BERKELEY, Calif. Despite challenging economic times, the election of Barack Obama is raising optimism for increases in federal funding for basic research, said a Microsoft executive here. Proponents hope an Obama administration will help pass the America Competes Act which calls for increases in federal funding for research in physical sciences.
The U.S. needs to double its spending on basic research in physical sciences, according to Daniel A. Reed, a member of PCAST, the President's Council of Advisers on Science and Technology. Reed testified before Congress on the issue recently and spoke with EE Times at the official opening of the Berkeley Parallel Computing Lab here.

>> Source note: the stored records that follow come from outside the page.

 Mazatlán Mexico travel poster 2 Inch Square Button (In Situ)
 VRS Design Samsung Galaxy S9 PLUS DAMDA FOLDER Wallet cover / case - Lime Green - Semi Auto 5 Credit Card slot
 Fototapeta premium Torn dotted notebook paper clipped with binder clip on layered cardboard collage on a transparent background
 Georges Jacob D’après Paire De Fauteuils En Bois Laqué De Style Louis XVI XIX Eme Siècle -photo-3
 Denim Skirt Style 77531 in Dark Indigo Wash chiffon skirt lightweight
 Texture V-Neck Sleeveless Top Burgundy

Separately, Reed said the transition to parallel programming for multicore processors marks an inflection point for the computer industry. A smorgasbord of hardware and software techniques is in the works to aid the transition, said Reed, the director of multicore and scalable computing strategy at Microsoft.
In the short term, Microsoft will roll out a functional language called F# as part of its Visual Studio tools, Reed said. The effort is the nearest to commercialization of many parallel software projects at Microsoft, he added.
In terms of hardware, Reed predicted hybrid processors will emerge during the transition. They will include a mix of a few large, out-of-order execution cores to handle existing serial code as well many small in-order cores to handle parallel tasks.